## [Required work]
Your output should be everything below from the line containing "05 Chrysler Crossfire" down to the line containing "Silla YAMAL beige - Image 6", both ends included, copied exactly, with pictures left out.

## [Material to process]
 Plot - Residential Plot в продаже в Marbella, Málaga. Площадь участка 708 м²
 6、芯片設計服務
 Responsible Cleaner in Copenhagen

==

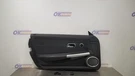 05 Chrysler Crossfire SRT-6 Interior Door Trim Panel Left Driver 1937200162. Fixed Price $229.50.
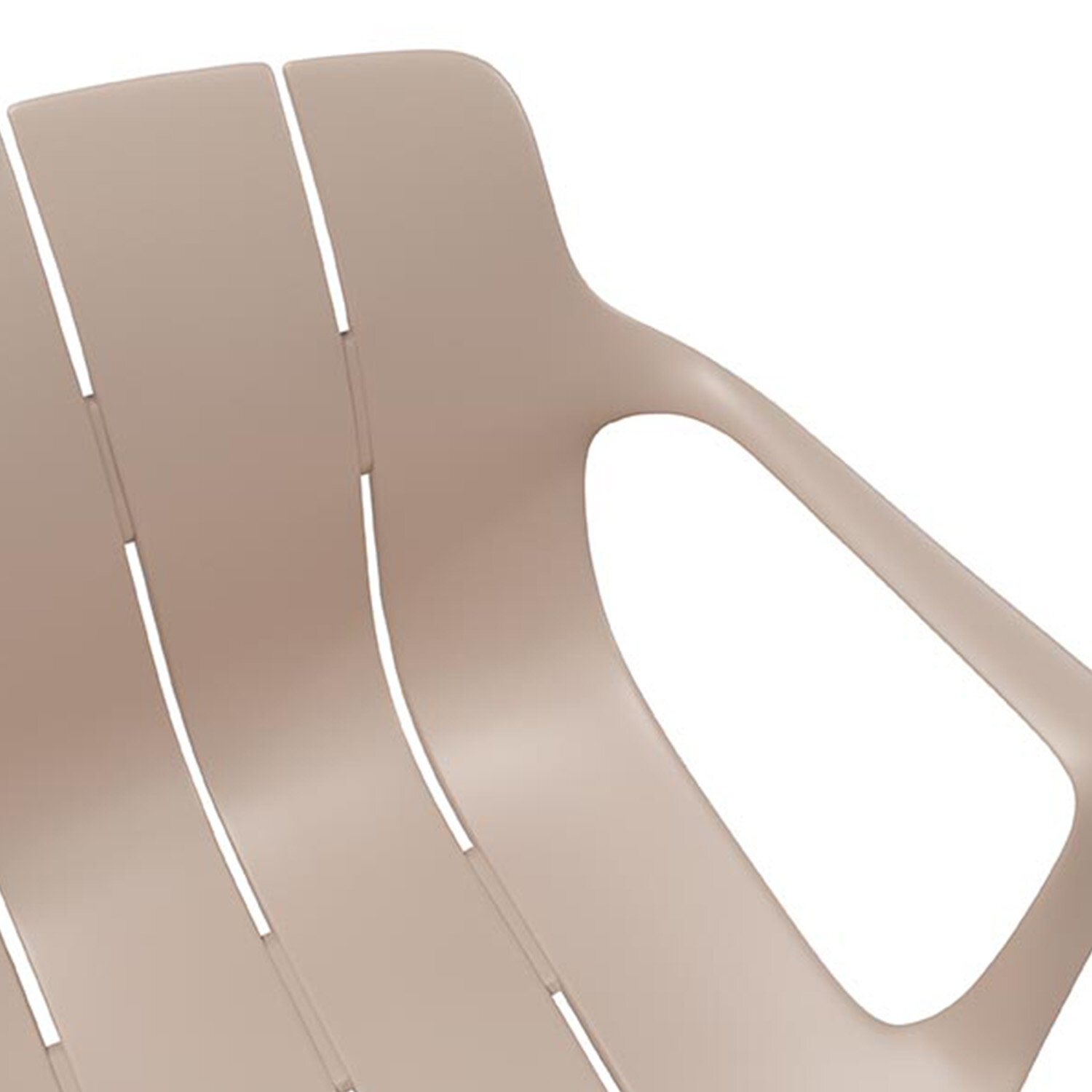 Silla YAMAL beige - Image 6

==

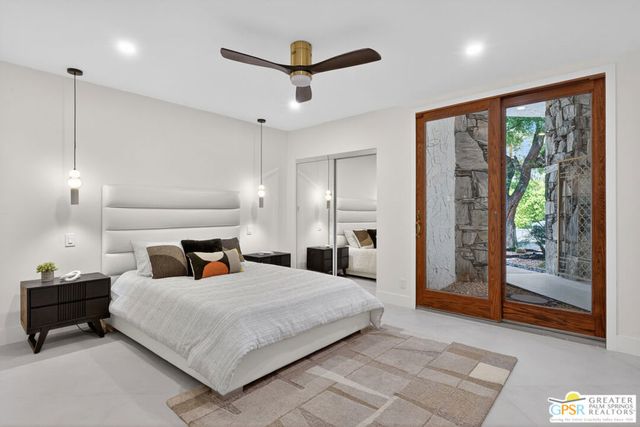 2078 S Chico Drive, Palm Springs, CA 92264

## [Answer for this exercise]
 05 Chrysler Crossfire SRT-6 Interior Door Trim Panel Left Driver 1937200162. Fixed Price $229.50.
 Silla YAMAL beige - Image 6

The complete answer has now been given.